TASK ITEM >>
Give the entries again exactly as they appear, but without the images.

Stored data entries:
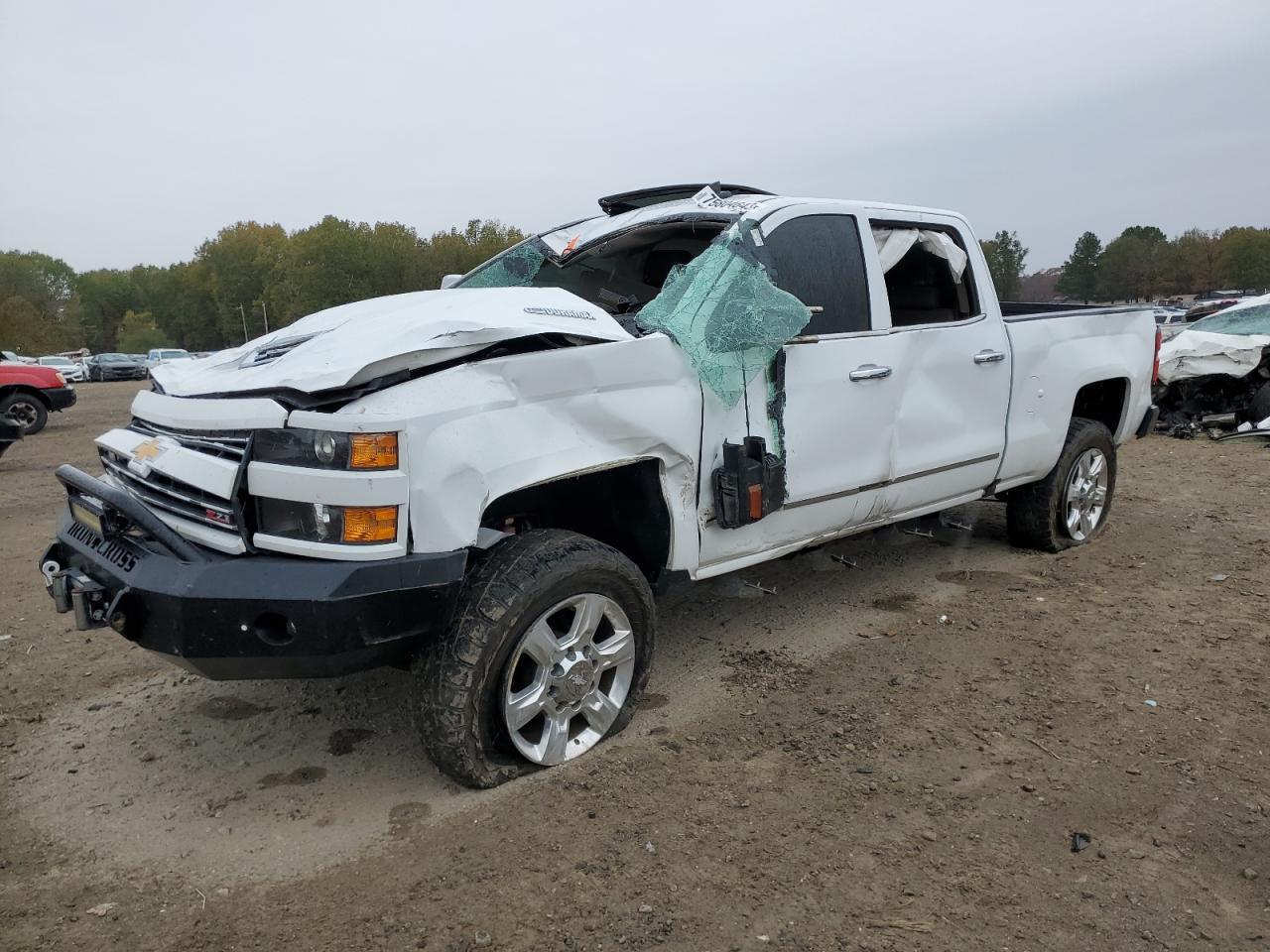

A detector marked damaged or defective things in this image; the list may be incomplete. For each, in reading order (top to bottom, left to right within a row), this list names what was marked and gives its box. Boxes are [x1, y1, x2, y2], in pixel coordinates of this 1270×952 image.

damaged hood [150, 286, 631, 399]
broken glass [639, 225, 810, 407]
wrecked vehicle [1159, 292, 1262, 436]
damaged hood [1159, 331, 1270, 383]
shattered windshield [1191, 305, 1270, 339]
wrecked vehicle [40, 186, 1159, 789]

EXERCISE SOLUTION >>
A detector marked damaged or defective things in this image; the list may be incomplete. For each, in reading order (top to bottom, left to right within a row), this list names what was marked and gives its box. Boxes are [x1, y1, x2, y2], in pixel coordinates of this 1270×952 image.

damaged hood [150, 286, 631, 399]
broken glass [639, 225, 810, 407]
wrecked vehicle [1159, 292, 1262, 436]
damaged hood [1159, 331, 1270, 383]
shattered windshield [1191, 305, 1270, 339]
wrecked vehicle [40, 186, 1159, 789]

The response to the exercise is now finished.